* Task item *
Write the data below out exactly as it stands. Do not include the pictures.

Items listed in a dataset
=== Section Start ===
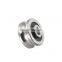 U Groove Pulley Ball Bearings LFR 50/5 NPP Track Guide Roller Bearing With Gothic Arch LFR50/5NPP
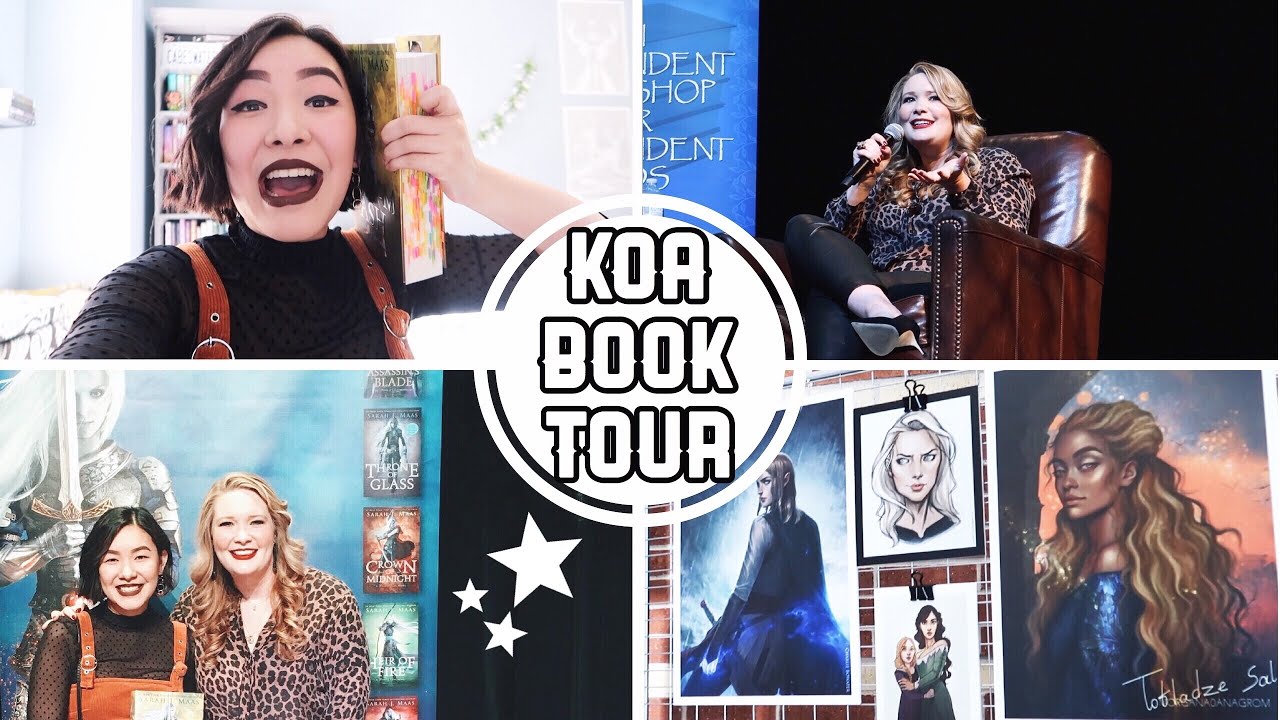 KINGDOM OF ASH TOUR, MEETING SJM, & FEELS | vlog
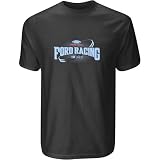 Checkered Flag Ford Racing Big & Tall T-Shirt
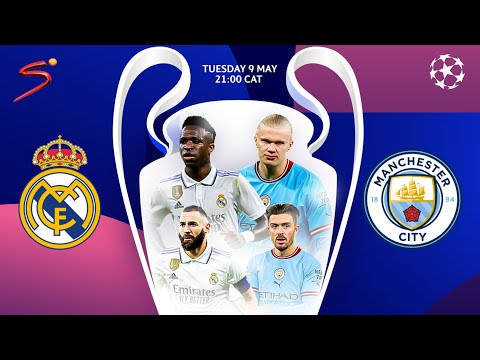 Real Madrid vs Manchester City | UEFA Champions League 2023 | Live Streaming 🔴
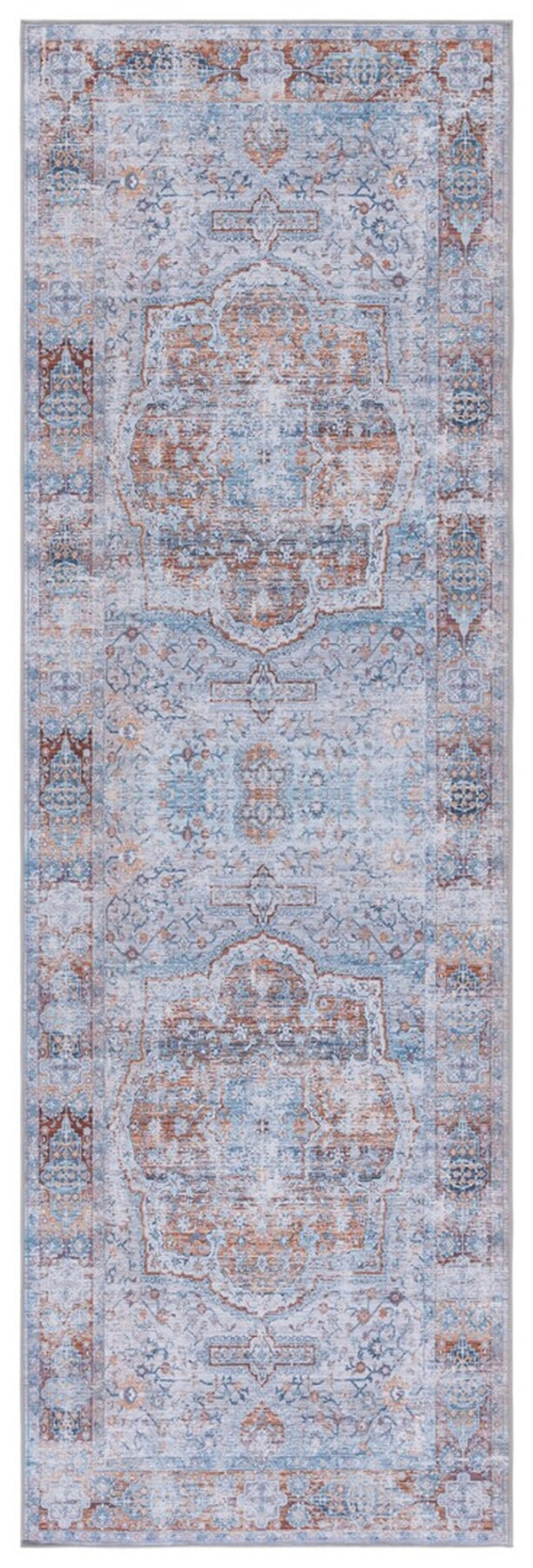 Safavieh Tucson 145 M/W S/R Power Loomed 100% Polyester Pile Traditional Rug TSN145B-9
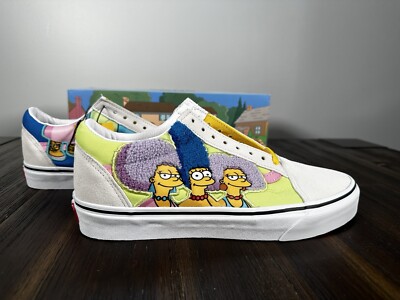 Vans x The Simpsons The Bouviers - Size 10 Shoes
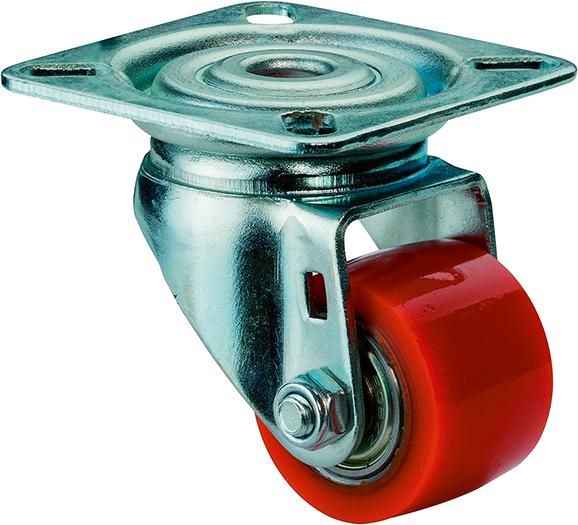 Produktbild BS Rollen Lenkrolle 35 mm A600 mit Platte 60 x 60 mm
=== Section End ===
* Response below *
 U Groove Pulley Ball Bearings LFR 50/5 NPP Track Guide Roller Bearing With Gothic Arch LFR50/5NPP
 KINGDOM OF ASH TOUR, MEETING SJM, & FEELS | vlog
 Checkered Flag Ford Racing Big & Tall T-Shirt
 Real Madrid vs Manchester City | UEFA Champions League 2023 | Live Streaming 🔴
 Safavieh Tucson 145 M/W S/R Power Loomed 100% Polyester Pile Traditional Rug TSN145B-9
 Vans x The Simpsons The Bouviers - Size 10 Shoes
 Produktbild BS Rollen Lenkrolle 35 mm A600 mit Platte 60 x 60 mm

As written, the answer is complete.